In a prospective real-world comparative study Sara Bisshopp et al. from Dr. Negrín University Hospital, Las Palmas published in the Journal of Clinical Medicine to compare clinical outcomes, hospital stay, and direct costs between initial intradiscal ozone treatment and standard microdiscectomy/discectomy in patients with lumbar disc herniation over a 24-month follow-up. Both groups experienced significant improvements in pain and disability scores. The ozone group had similar clinical outcomes to surgery but with significantly fewer surgical interventions (47% vs. 100%), shorter hospital stays, and reduced costs at 12 months 1).
Critical Appraisal
This study taps into a timely and pragmatic clinical question: Can minimally invasive ozone therapy reduce the surgical burden and costs while maintaining efficacy for lumbar disc herniation?
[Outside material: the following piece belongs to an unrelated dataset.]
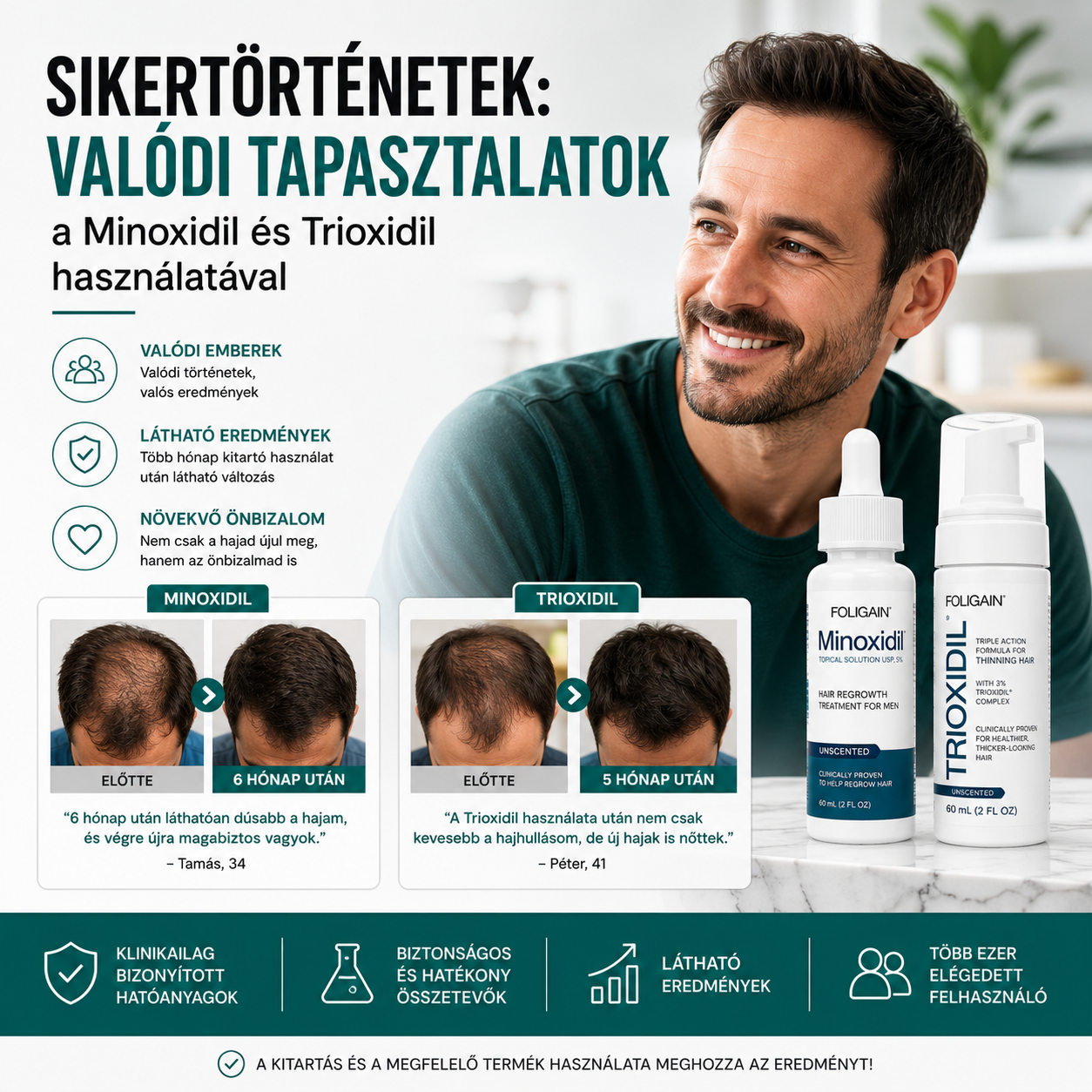 Sikertörténetek: valódi tapasztalatok a Minoxidil és Trioxidil használatával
While the 24-month prospective design and real-world context strengthen external validity, several methodological shortcomings temper enthusiasm.
First, the non-randomized design introduces considerable selection bias. The criteria for choosing ozone therapy vs. surgery, though labeled as “offered,” are not rigorously controlled. This self-selection can strongly influence outcomes. Second, sample size is modest (n=70), particularly when divided into two groups (32 ozone, 38 surgery), limiting statistical power.